Failure modes and effects analysis (FMEA) is a step-by-step approach for identifying all possible failures in a design, a manufacturing or assembly process, or a product or service.
Failure mode and effects analysis (FMEA) is one of the first highly structured, systematic techniques for failure analysis. It is developed by reliability engineers in the late 1950s to study problems that might arise from malfunctions of military systems. A FMEA is often the first step of a system reliability study. It involves reviewing as many components, assemblies, and subsystems as possible to identify failure modes, and their causes and effects. For each component, the failure modes and their resulting effects on the rest of the system are recorded in a specific FMEA worksheet.
Problems and defects are expensive. Customers understandably place high expectations on manufacturers and service providers to deliver quality and reliability.
Often, faults in products and services are detected through extensive testing and predictive modeling in the later stages of development. However, finding a problem at this point in the cycle can add significant cost and delays to schedules. The challenge is to design in quality and reliability at the beginning of the process and ensure that defects never arise in the first place.
Product development and operations managers can run a failure modes and effects analysis (FMEA) to analyze potential failure risks within systems, classifying them according to severity and likelihood, based on past experience with similar products or processes. The object of FMEA is to help design identified failures out of the system with the least cost in terms of time and money.
FMEA defines the term “failure mode” to identify defects or errors, potential or actual, in a product design or process, with emphasis on those affecting the customer or end user. A “failure effect” is the result of a failure mode on the product or system function as perceived by the user. Failure effects can be described in terms of what the end user may see or experience. The study of consequences of identified failures is called effects analysis.
The first FMEA step is to analyze functional requirements and their effects to identify all failure modes. Examples: warping, electrical short circuit, oxidation, fracture. Failure modes in one component can induce them in others. List all failure modes per function in technical terms, considering the ultimate effect(s) of each failure mode and noting the failure effect(s). Examples of failure effects include: overheating, noise, abnormal shutdown, user injury.
FMEA is applicable in cases of:
- When a process, product or service is being designed or redesigned, after quality function deployment.
- When an existing process, product or service is being applied in a new way.
- Before developing control plans for a new or modified process.
- When improvement goals are planned for an existing process, product or service.
- When analyzing failures of an existing process, product or service.

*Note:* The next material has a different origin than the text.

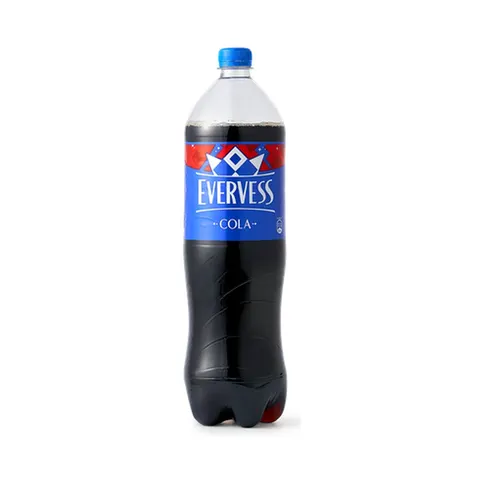 Напиток Evervess "Кола" 0.5л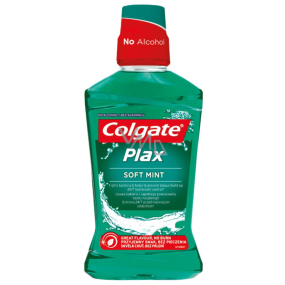 Colgate Plax Multi-Protection Soft Mint mouthwash against dental plaque 500 ml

- Periodically throughout the life of the process, product or service
Process steps in FMEA
- Step 1: Identify potential failures and effects
- Step 2: Determine severity
- Step 3: Likelihood of occurrence
- Step 4: Failure detection
- Risk priority number (RPN)
Step 1: Identify potential failures and effects
One of the first actions to take when completing an FMEA is to determine the participants. The right people with the right experience, such as process owners and designers, should be involved in order to catch potential failure modes. Practitioners also should consider inviting customers and suppliers to gather alternative viewpoints.
FMEA also involves documenting current knowledge about failure risks. FMEA seeks to mitigate risk at all levels with resulting prioritized actions that prevent failures or at least reduce their severity and/or probability of occurrence. It also defines and aids in selecting remedial activities that mitigate the impact and consequences of failures. FMEA can be employed from the earliest design and conceptual stages onward through development and testing processes, into process control during ongoing operations throughout the life of the product or system.

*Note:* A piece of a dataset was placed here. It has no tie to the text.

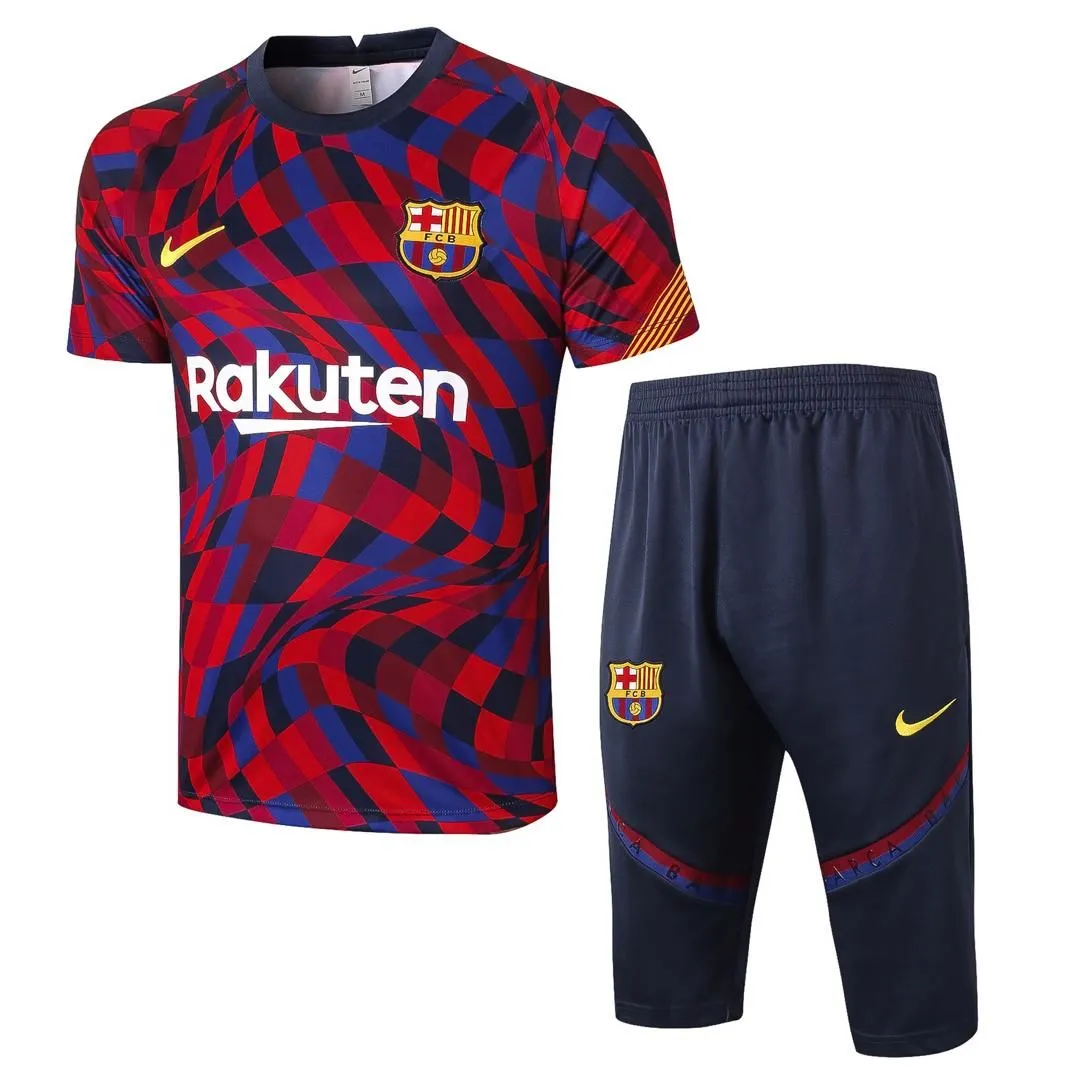 Barcelona Training Short Tracksuit | Multicolor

Step 2: Determine severity
Severity is the seriousness of failure consequences of failure effects. Usual practice rates failure effect severity (S) on a scale of 1 to 10 where 1 is lowest severity and 10 is highest. The following table shows typical FMEA severity ratings and their meanings:
Rating | Meaning |
---|---|
1 | No effect, no danger |
2 | Very minor – usually noticed only by discriminating or very observant users |
3 | Minor – only minor part of the system affected; noticed by average users |
4-6 | Moderate – most users are inconvenienced and/or annoyed |
7-8 | High – loss of primary function; users are dissatisfied |
9-10 | Very high – hazardous. Product becomes inoperative, customers angered. Failure constitutes a safety hazard and can cause injury or death. |
Table 1. FMEA severity ratings.
Step 3: Likelihood of occurrence
Examine cause(s) of each failure mode and how often failure occurs. Look at similar processes or products and their documented failure modes. All potential failure causes should be identified and documented in technical terms. Failure causes are often indicative of weaknesses in the design. Examples of causes include: incorrect algorithm, insufficient or excess voltage, operating environment too hot, cold, humid, etc. Failure modes are assigned an occurrence ranking (O), again from 1 to 10, as shown in the following table.
Rating | Meaning |
---|---|
1 |
No documented failures on similar products/processes |
2-3 | Low – relatively few failures |
4-6 | Moderate – some occasional failures |
7-8 | High – repeated failures |
9-10 | Very high – failure is almost certain |
9-10 | Very high – hazardous. Product becomes inoperative, customers angered. Failure constitutes a safety hazard and can cause injury or death. |
Table 2. FMEA failure modes ranking.
Step 4: Failure detection
After remedial actions are determined, they should be tested for efficacy and efficiency. Also, the design should be verified and inspections procedures specified.
- Engineers inspect current system controls that prevent failure mode occurrence, or detect failures before they impact the user/customer.
- Identify techniques used with similar products/systems to detect failures.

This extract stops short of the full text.